◆ Activity ◆
All entries are to be printed again exactly, with their images omitted.

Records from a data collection
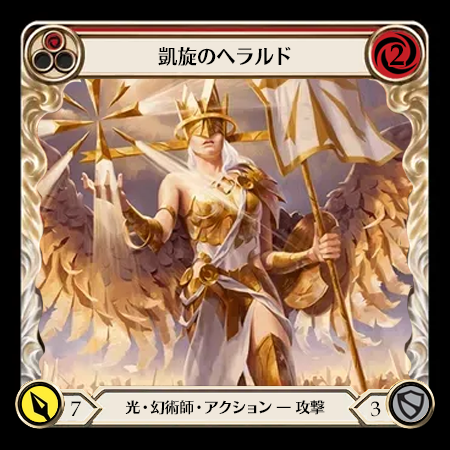 凱歌のヘラルド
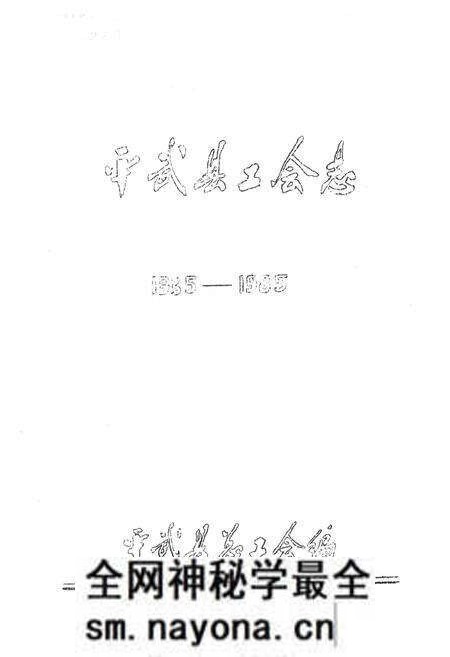 《平武县工会志(1935-1985)》.pdf电子版_四川省志预览图1 《平武县工会志(1935-1985)》.pdf电子版_四川省志预览图1
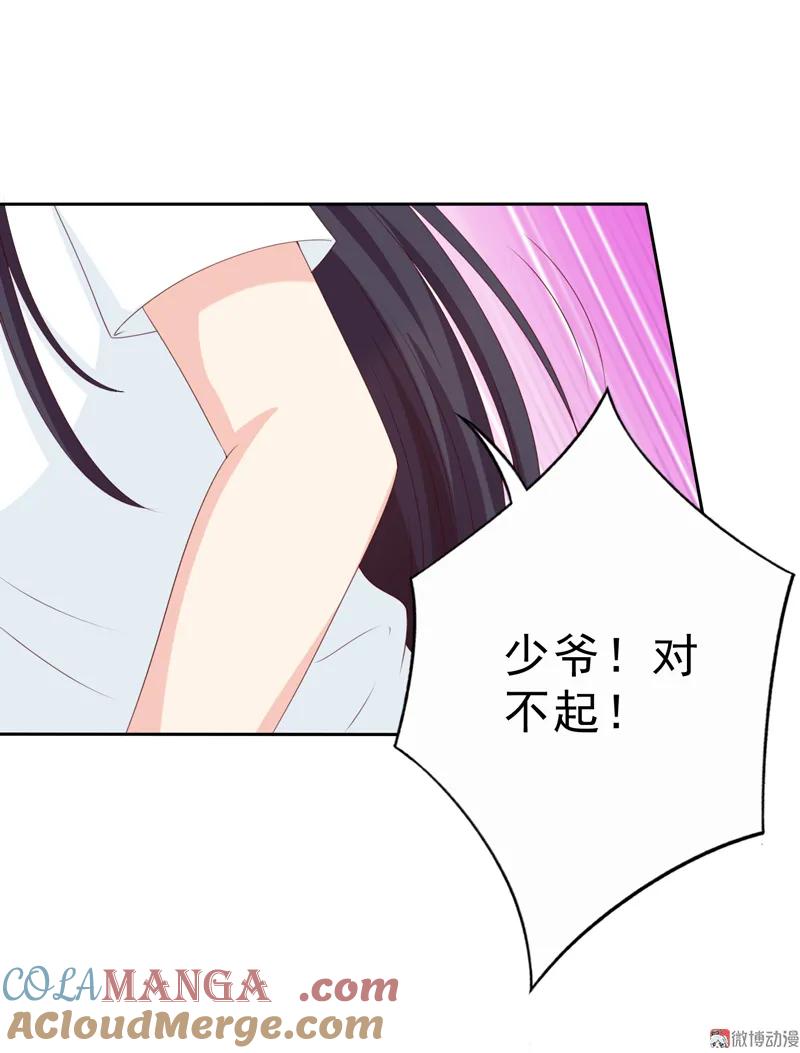 第127话放假做什么-我的36D女管家-漫悠悠漫画（第18张）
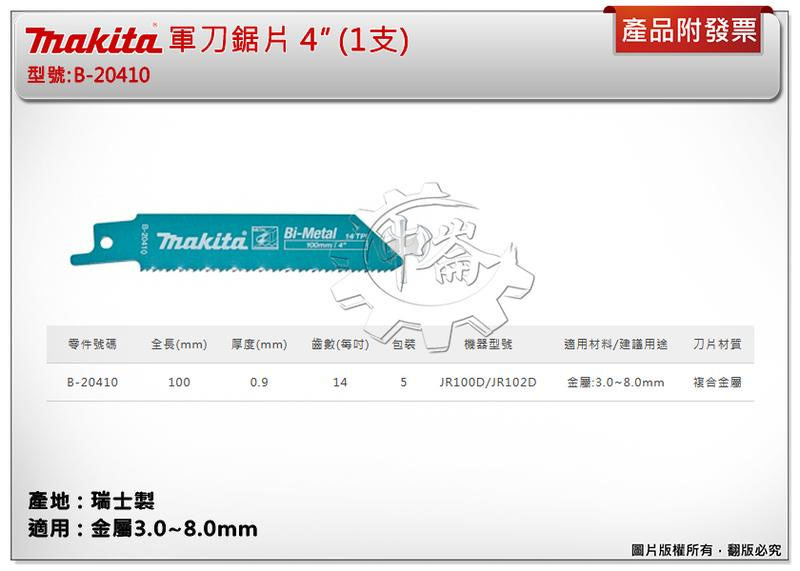 ＊中崙五金【附發票】(瑞士製) 牧田軍刀鋸片 B-20410 (單支 / 一卡5支) 長度4吋 複合金屬 適用金屬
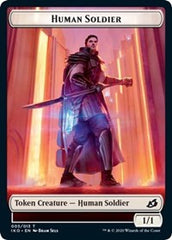 Human Soldier (005) // Zombie Double-Sided Token [Commander 2020 Tokens] | Game Grid - Logan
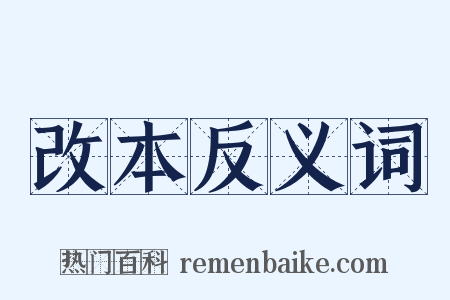 改本反义词是什么意思的图片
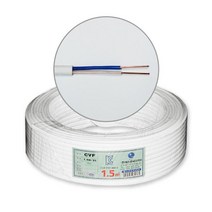 한양라이팅 로맥스 2.5SQx2C 전선, 2.5SQ 2C, 1개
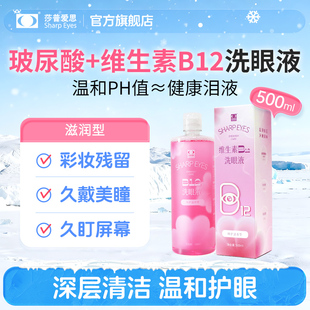 莎普爱思官方旗舰店护眼睛洗眼液缓解眼睛干涩疲劳正品 500ml大瓶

◆ Answer box ◆
 凱歌のヘラルド
 《平武县工会志(1935-1985)》.pdf电子版_四川省志预览图1 《平武县工会志(1935-1985)》.pdf电子版_四川省志预览图1
 第127话放假做什么-我的36D女管家-漫悠悠漫画（第18张）
 ＊中崙五金【附發票】(瑞士製) 牧田軍刀鋸片 B-20410 (單支 / 一卡5支) 長度4吋 複合金屬 適用金屬
 Human Soldier (005) // Zombie Double-Sided Token [Commander 2020 Tokens] | Game Grid - Logan
 改本反义词是什么意思的图片
 한양라이팅 로맥스 2.5SQx2C 전선, 2.5SQ 2C, 1개
 莎普爱思官方旗舰店护眼睛洗眼液缓解眼睛干涩疲劳正品 500ml大瓶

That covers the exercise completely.